Morta in un dirupo a Ischia, Marta Maria fu uccisa: sotto accusa il compagno

di Redazione

Una caduta, una frattura alla caviglia, la richiesta disperata di aiuto. E poi l’orrore. Non fu un incidente, non fu una tragica fatalità. Marta Maria Ohryzko, 32 anni, ucraina, sarebbe stata uccisa. Sotto accusa il compagno della donna, Ilia Batrakov, 41 anni, cittadino russo, al quale la Procura di Napoli contesta l’omicidio volontario pluriaggravato. L’uomo è già in carcere, a Poggioreale, dal 15 luglio scorso per maltrattamenti in famiglia aggravati dall’evento morte, ma le indagini dei carabinieri di Ischia e del pubblico ministero Alfredo Gagliardi (IV sezione, fasce deboli, coordinata dall’aggiunto Raffaello Falcone) stanno aprendo nuovi, agghiaccianti scenari.

Le prove decisive? Le intercettazioni ambientali, le conversazioni telefoniche tradotte dal cirillico, la consulenza autoptica. E soprattutto la cronologia degli eventi, minuto per minuto. Secondo la ricostruzione degli inquirenti, il 13 luglio 2024, in località Vatoliere, sul territorio del comune di Barano d’Ischia, Marta cadde in un dirupo nei pressi della roulotte dove conviveva con Batrakov. Si ruppe una caviglia, restò immobilizzata. Dalle 15.45 alle 19.33 di quel sabato, la donna inviò una serie di messaggi strazianti al compagno: “Sono caduta”, “Aiutami per favore ad alzarmi”, “Perdonami per tutto… con questo mi salvi”. Nessuna pietà da parte dell’uomo, che pur sapendo dove si trovava, ignorò ogni appello. Non solo. Cancellò le chat da WhatsApp per eliminare le prove e costruire un racconto alternativo.
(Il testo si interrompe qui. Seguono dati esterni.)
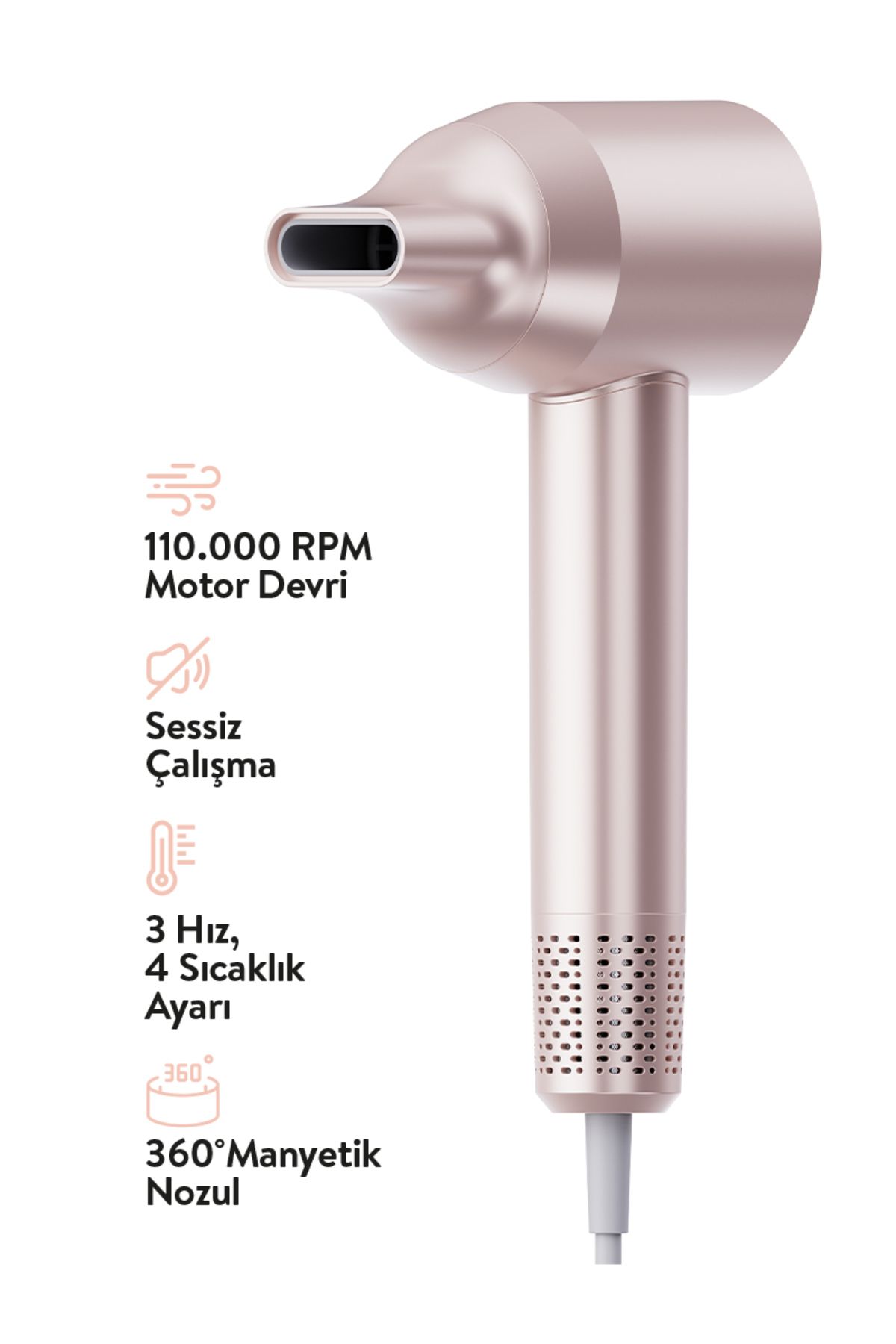 Sinbo Shd-1738 Bldc Motor Profesyonel Saç Kurutma Makinesi 1500w Şampanya Pembe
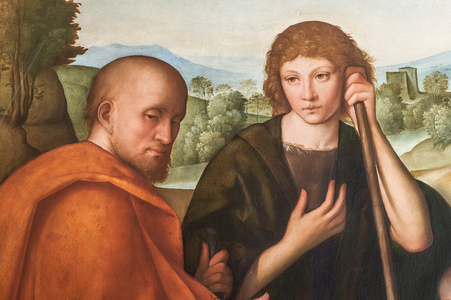 Adoration of the Sheperds Madonna with Infant Jesus and two sheperds, detail of 2384594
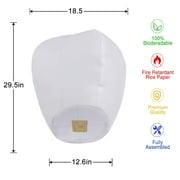 ZAP Chinese Paper Lanterns,20 Pack White Paper Wishing Lanterns for Weddings, Birthday Party, New Years, Festival(White)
Alle 21.17 Marta riuscì a parlare con lui per cinque minuti. L’ultima chiamata, alle 21.24, non ricevette risposta. Poco dopo, morì. Ma non per la caduta. È stato il medico legale a svelare la verità: fu colpita all’occhio sinistro con un pugno, poi soffocata con una mano sporca di terra e erba. Tracce di terriccio sono state trovate nei polmoni, inalate nel disperato tentativo di respirare. In carcere, intercettato durante un colloquio, Batrakov si è lasciato andare a un commento rivelatore: era inquieto per il fatto che i consulenti si stessero concentrando proprio sui polmoni della donna.

Il suo tentativo di screditare Marta, descrivendola come un’alcolizzata, è stato smentito dagli esami tossicologici: nessuna traccia di alcol, ma solo farmaci compatibili con una cura antipsicotica. Nulla che giustificasse quella violenza, né quel disprezzo che Batrakov aveva manifestato più volte anche in passato: “Gli ucraini devono morire”, avrebbe detto secondo testimonianze raccolte. Una spirale di violenza lunga anni, fatta di pugni, bruciature, minacce. Denunce annunciate e poi ritirate. E alla fine, il silenzio. Quello di Marta, che aveva scelto di tacere per proteggere chi l’avrebbe poi condannata a morte.